Having located "Golden Fish Collection", write out its line and the remaining lines of the material exactly, the last one included, but not the pictures.

- [RAW DATA]:
==========

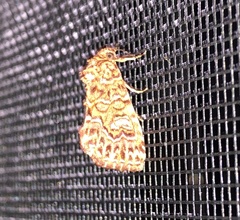 Callopistria granitosa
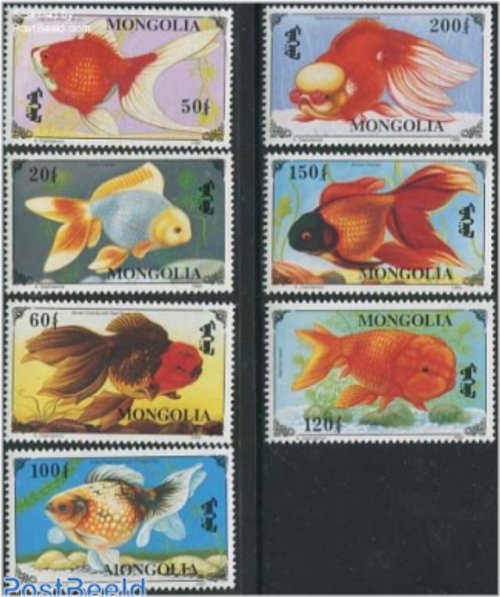 Golden Fish Collection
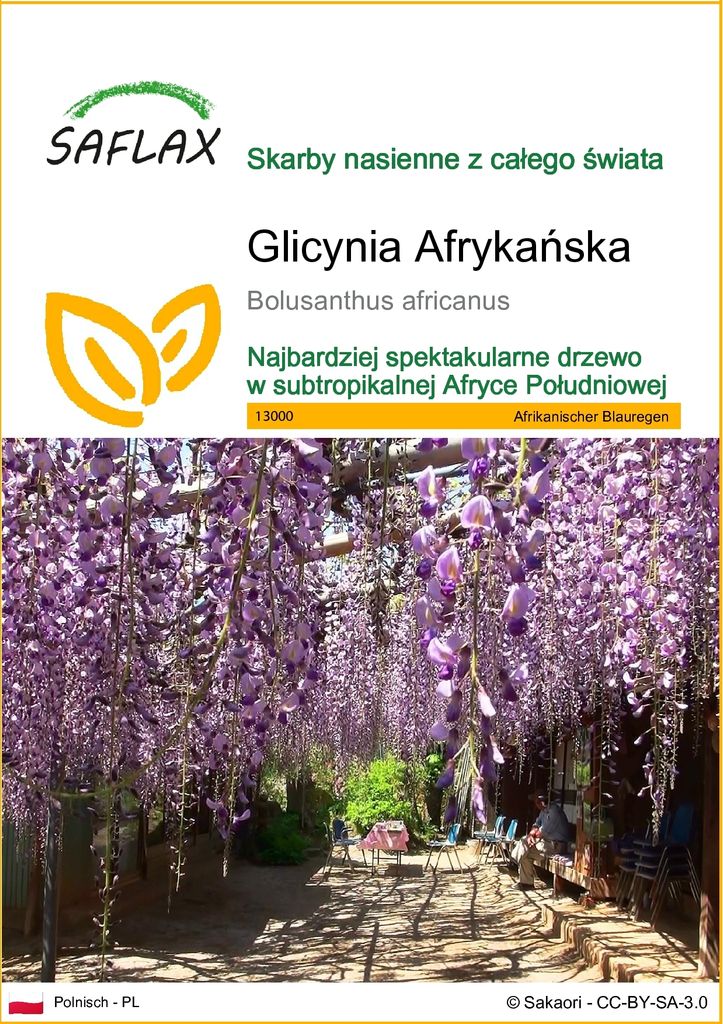 SAFLAX - Glicynia Afrykańska - 15 Nasiona - Bolusanthus Zdjęcie produktu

==========

- [RESPONSE BELOW]:
 Golden Fish Collection
 SAFLAX - Glicynia Afrykańska - 15 Nasiona - Bolusanthus Zdjęcie produktu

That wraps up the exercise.